Another great video of Alan Kay, explaining how intellectual revolutions occur ( ‘appoint people who are not amenable to management’)
“You have the MOOCs and bla-bla-bla – you can quote me on that,” he says, laughing, “but the real revolution that has happened is in YouTube, Wikipedia, Minecraft, and people publishing things on the internet.”
I think MOOCs are interesting, mainly because of the light they cast on dated and inadequate models of university mass education, but he is right.
Mark Surman of Mozilla.
Undergraduates frequently complain that they don’t have enough contact hours. But a major study in the UK suggests that students develop skills better out of – rather than in – the classroom.
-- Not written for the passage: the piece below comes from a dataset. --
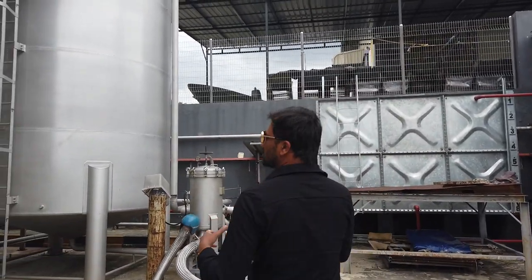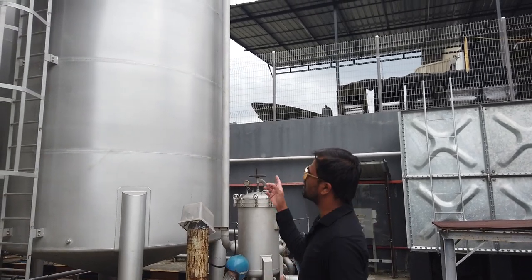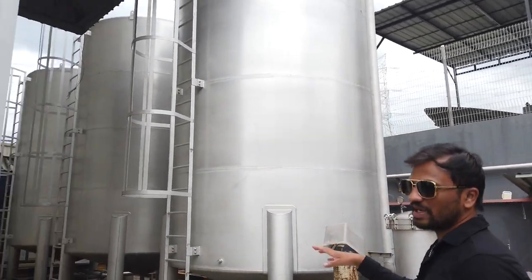This factory is usually used for factory oil, and here we are going to store it. This is the printing section, and here we have the printing machine. The capacity is good.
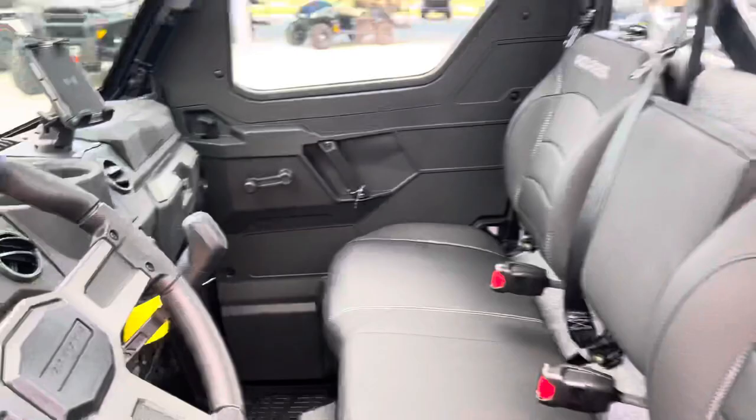82 horsepower, ready for one of y'all to come and get it. Y'all come check it out at Jackrabbit Off-Road in Huntsville, Texas.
I do not find this claim too surprising, but if you read the article and go to the HEA ‘engagement report’, I find it hard to know how they claim to have established this as a fact. Confounding and hidden variables all around. But as has been said before, classroom learning has the air of an oxymoron. Contact hours are both relevant and irrelevant. Context matters most.
There is a nice piece by Nassim Nicholas Taleb in Medium. It is from a forward to a book (I think) on physical / strength training. If you have read Taleb you will know this is not too surprising.
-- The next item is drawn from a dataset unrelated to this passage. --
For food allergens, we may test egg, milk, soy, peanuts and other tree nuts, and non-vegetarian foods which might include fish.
You will never get an idea of the strength of a bridge by driving several hundred cars on it, making sure they are all of different colors and makes, which would correspond to representative traffic. No, an engineer would subject it instead to a few multi-ton vehicles. You may not thus map all the risks, as heavy trucks will not show material fatigue, but you can get a solid picture of the overall safety.
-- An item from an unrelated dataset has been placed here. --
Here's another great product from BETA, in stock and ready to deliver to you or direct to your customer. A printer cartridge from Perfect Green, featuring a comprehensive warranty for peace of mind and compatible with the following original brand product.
Likewise, to train pilots, we do not make them spend time on the tarmac flirting with flight attendants, then switch the autopilot on and start daydreaming about vacations, thinking about mortgages or meditating about corporate airline intrigues — which represent about the bulk of the life of a pilot. We make pilots learn from storms, difficult landings, and intricate situations — again, from the tails.
In one sense he is saying something that is easy to agree with. But if you delve a little deeper, it is not what we always do in medical education.
The structures we create to enable learning in a clinical discipline are not mirrors of what goes on in the real world. Pace the airline example. We shouldn’t expect teaching time to mirror disease prevalence; we don’t spend most of our time in dermatology teaching students about viral warts, or dandruff, or toxic erythema. When you try to recognise objects, you do not just study those particularly objects. Rather, you have to study all the other objects. If you want to be able to ‘call out’ whenever you see a dog, you have to study cats. And chimps, and wolves and so on. This is one of the reasons why just learning about the top ten conditions makes little sense, if acts of recognition are involved. Most things are defined by what they are not. To think in the box, you have to know what is outside the box. This is what makes medical education a hard problem.
There are implications for clinical practice for the expert, too. Everyday practice appears to minimise the role of the statistical tails. Your learning about common condition may be ‘everyday stuff’ requiring little formal study. But for rare conditions, or odd presentations of common conditions, everyday practice, may not be sufficient — simply put, you do not see rare events frequently enough to consolidate and strengthen your memories. Everyday practice rarely provides enough critical mass, you might say. A practical example.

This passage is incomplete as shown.